Beginning with the line that holds "Photo of property" and ending with the last line of the entries below, copy every line exactly and nothing else, with the pictures left out.

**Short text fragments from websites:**
◆ ◆ ◆

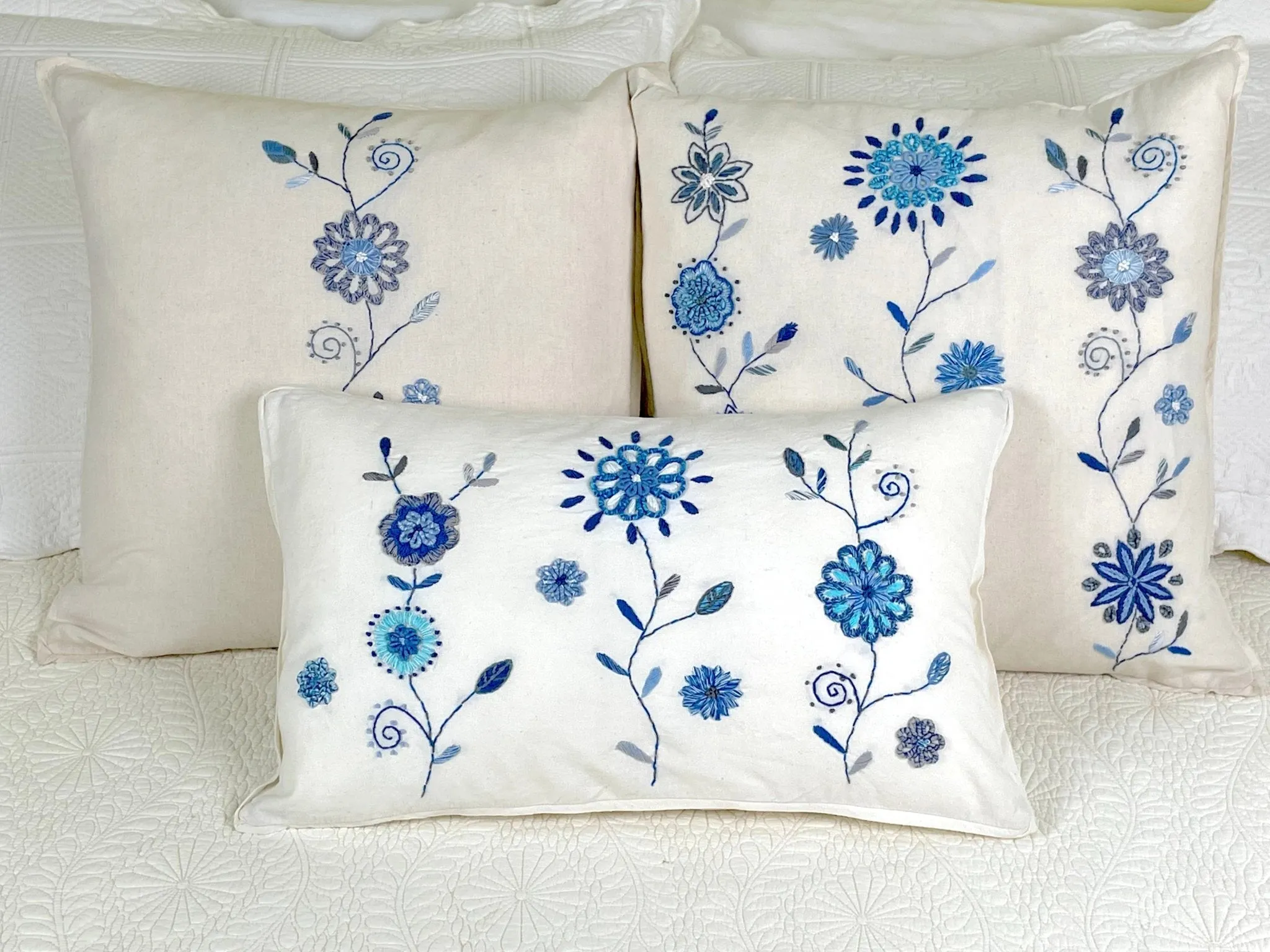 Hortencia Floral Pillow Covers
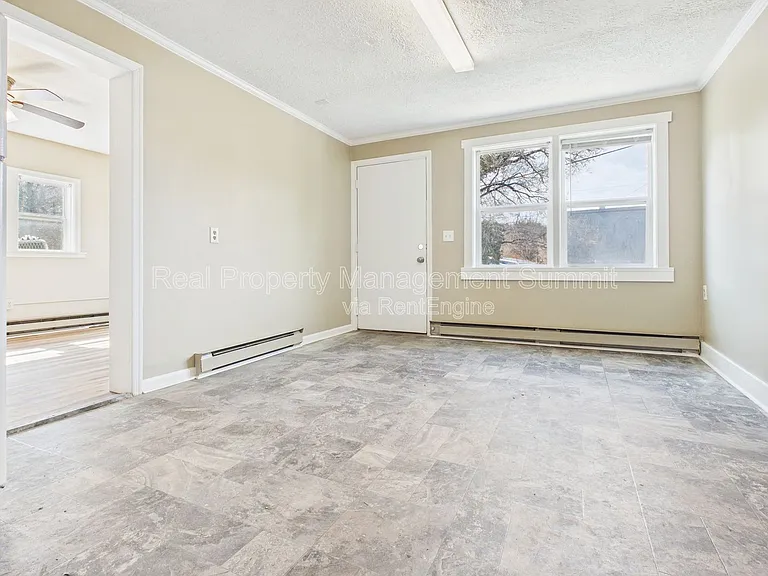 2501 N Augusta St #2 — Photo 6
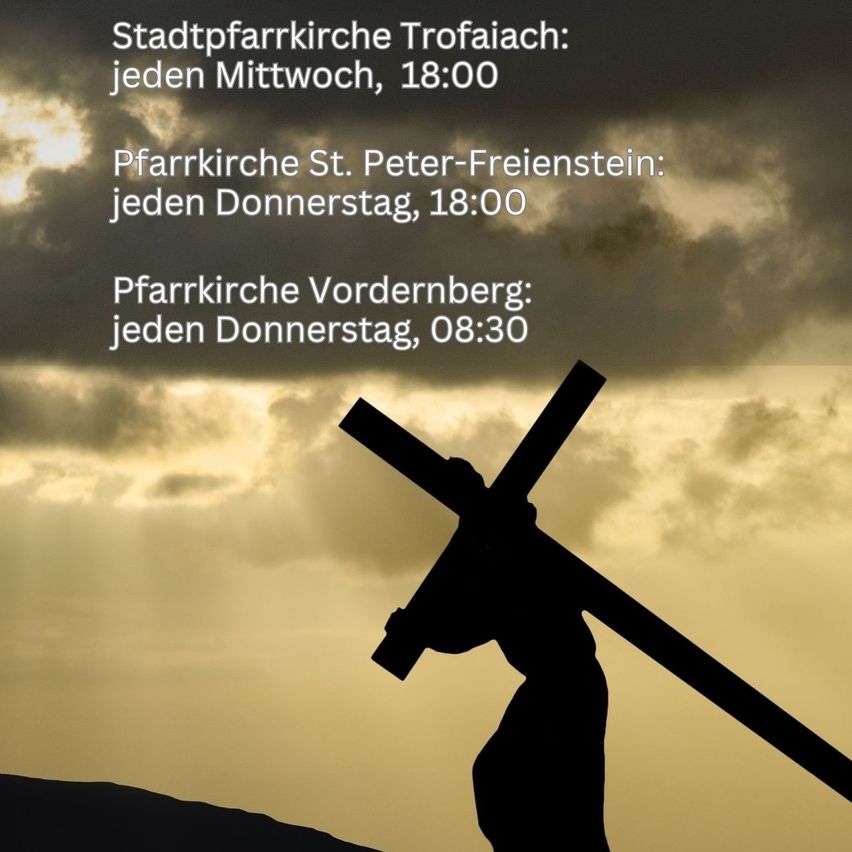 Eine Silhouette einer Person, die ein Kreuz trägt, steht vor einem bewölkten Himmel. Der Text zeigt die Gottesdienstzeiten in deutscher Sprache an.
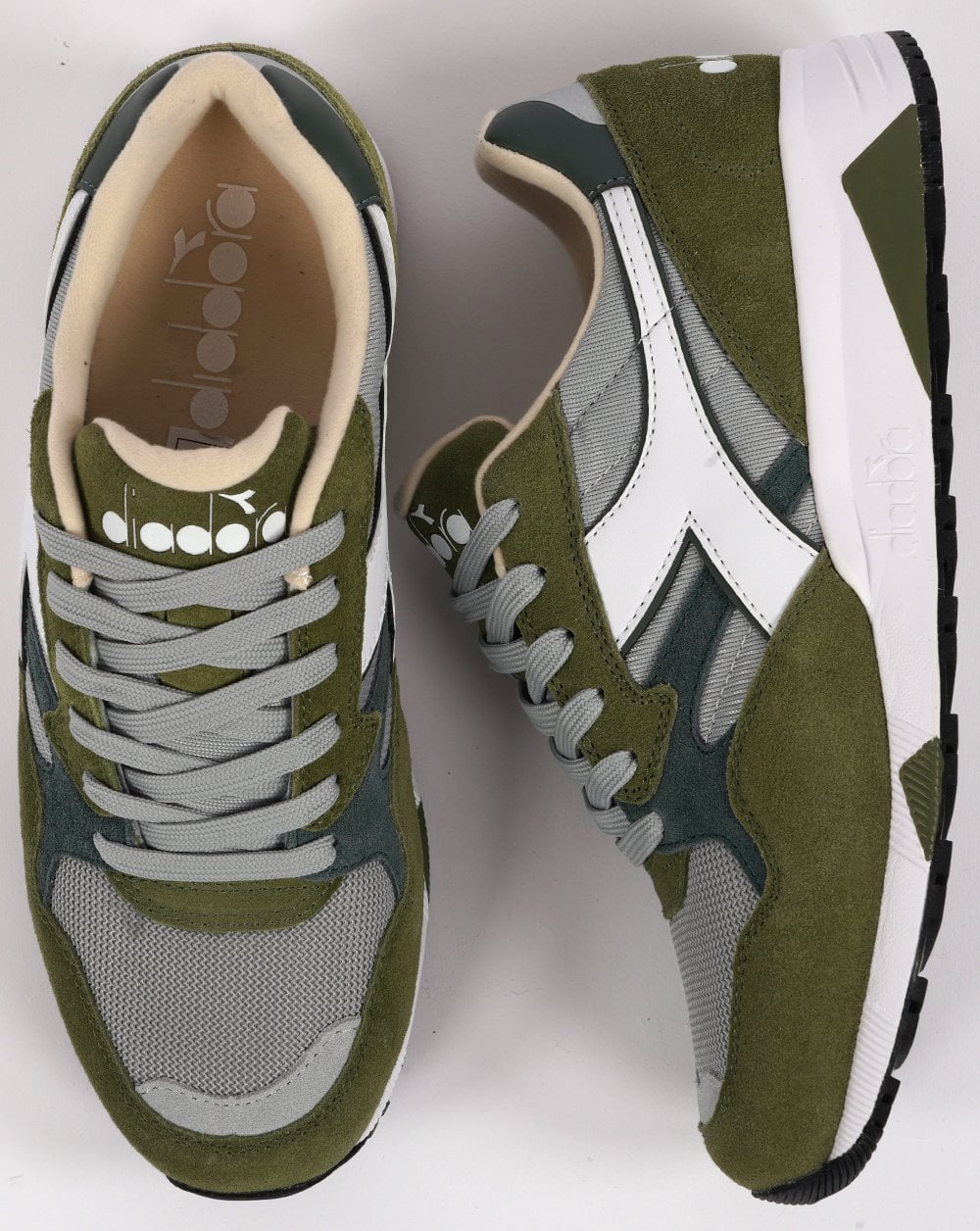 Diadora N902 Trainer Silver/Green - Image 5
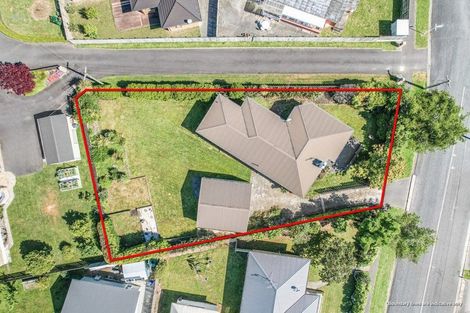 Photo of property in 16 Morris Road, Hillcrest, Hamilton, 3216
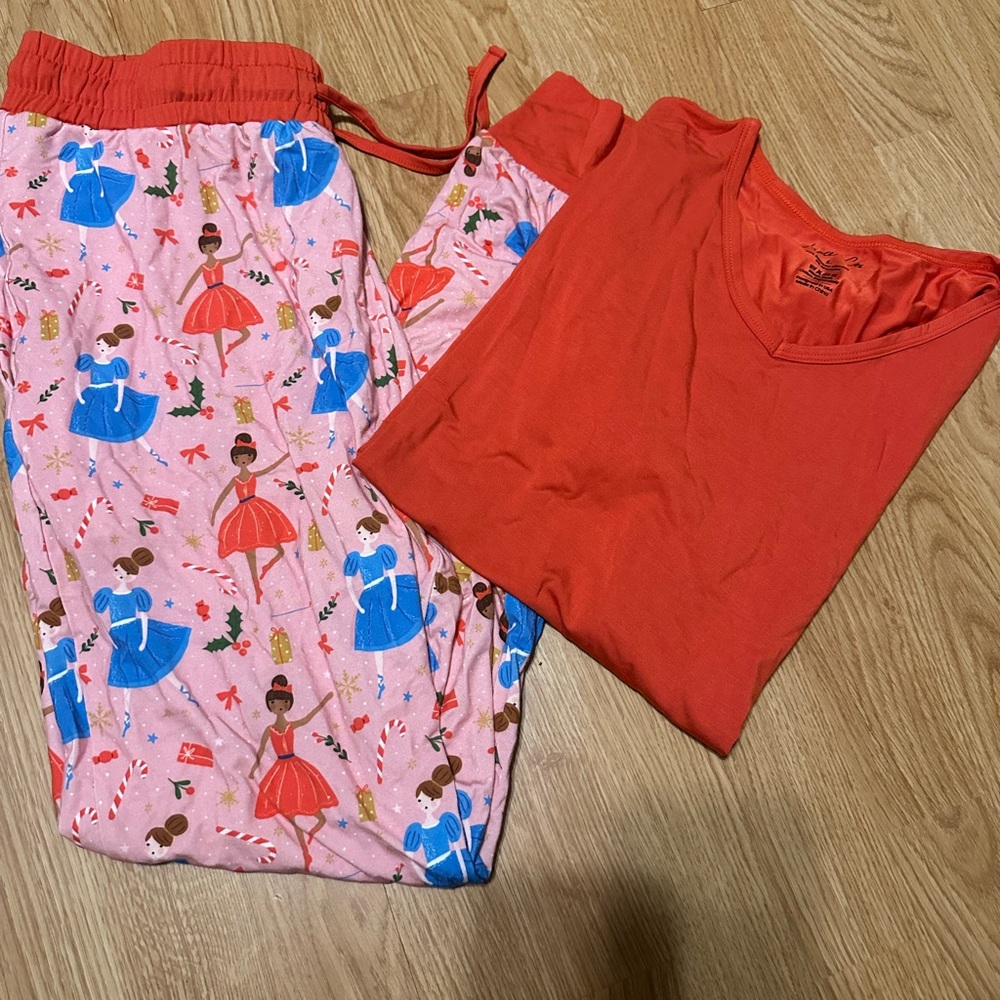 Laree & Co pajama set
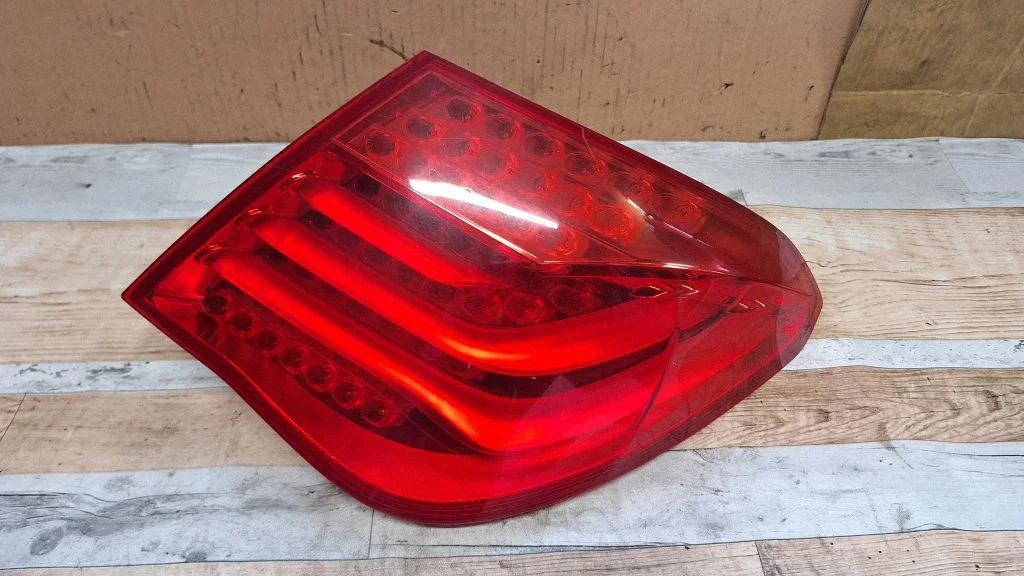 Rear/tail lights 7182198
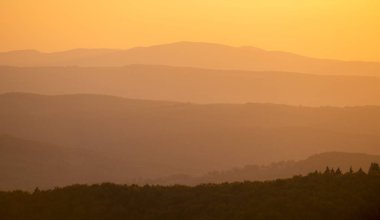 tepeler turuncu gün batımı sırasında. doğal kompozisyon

◆ ◆ ◆

**Exercise output:**
 Photo of property in 16 Morris Road, Hillcrest, Hamilton, 3216
 Laree & Co pajama set
 Rear/tail lights 7182198
 tepeler turuncu gün batımı sırasında. doğal kompozisyon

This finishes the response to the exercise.